Given the length of a wall w and infinite shelves of two lengths small and large (large > small).
Find the optimal solution to put the shelves in the wall such that the empty space left is minimum. We have to use the large shelves as much as possible (keeping the empty space minimum) because the large shelves are cheaper than the smaller ones.

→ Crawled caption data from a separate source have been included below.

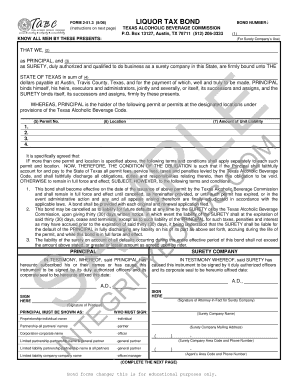 Texas Liquor Tax Bond Form 2-51.3
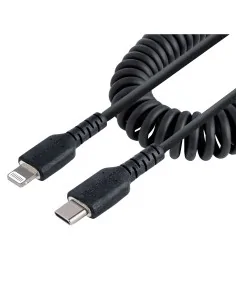 StarTech.com 20in / 50cm USB C to Lightning Cable, MFi Certified, Coiled iPhone Charger Cable, Black, Durable TPE Jacket Aramid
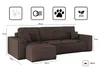 A diagram showing the dimensions and features of a brown sectional sofa. Produktbild-Vorschau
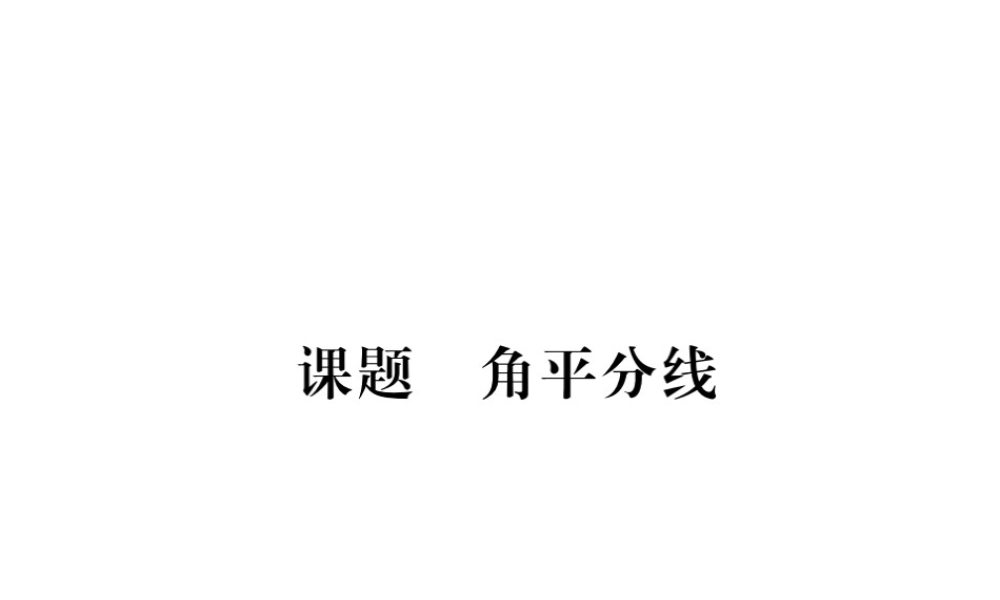 （毕节专版）八年级数学下册 第1章 三角形的证明 课题9 角平分线当堂检测课件 （新版）北师大版-（新版）北师大版初中八年级下册数学课件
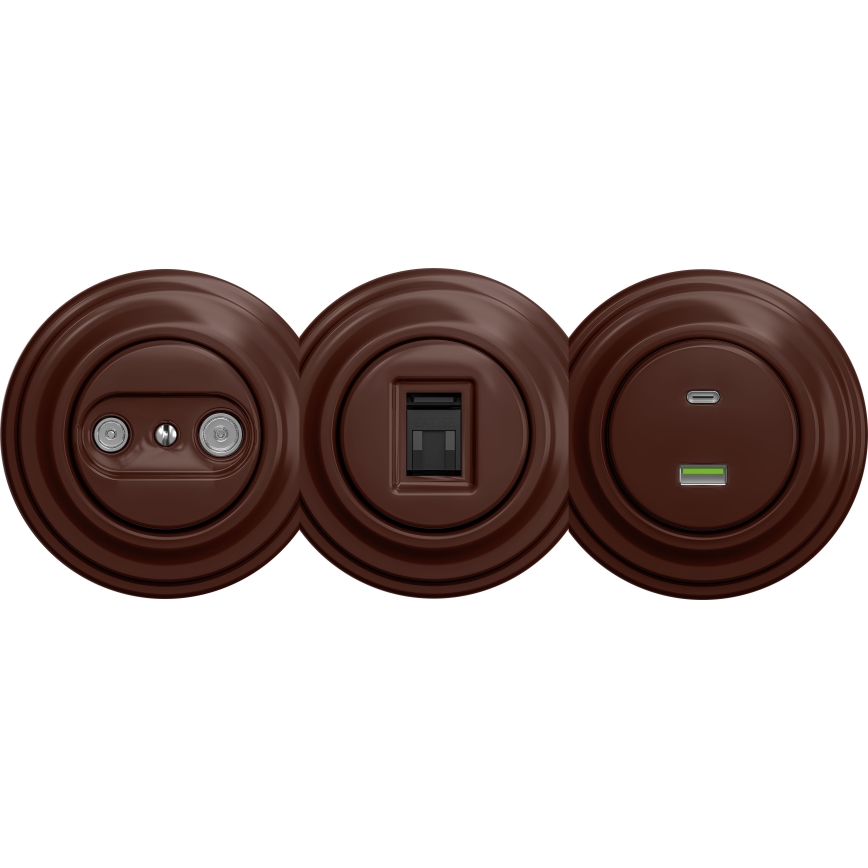 Kliklap - Vintage data socket without frame brown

Example: Input: WallLength = 24 smallShelfLength = 3 largeShelfLength = 5 Output: S: 3 L: 3 E: 0 Explanation: We use three units of both large and small shelves and 0 space is left empty. 3 * 3 + 3 * 5 = 24 Empty space = 0 Another solution could have been S: 8 L: 0 E: 0 but because the larger shelf is cheaper the previous solution should be the answer.
Solution:
A simple solution is to try all possible combinations of small and large shelves.
- Start by putting the maximum number of small shelves (with zero large shelves)
- Keep reducing the number of small shelves and try to fit the maximum number of large shelves possible in the extra space.
The final answer is (3, 3, 0). 3 small Shelves, 3 large shelves and zero empty.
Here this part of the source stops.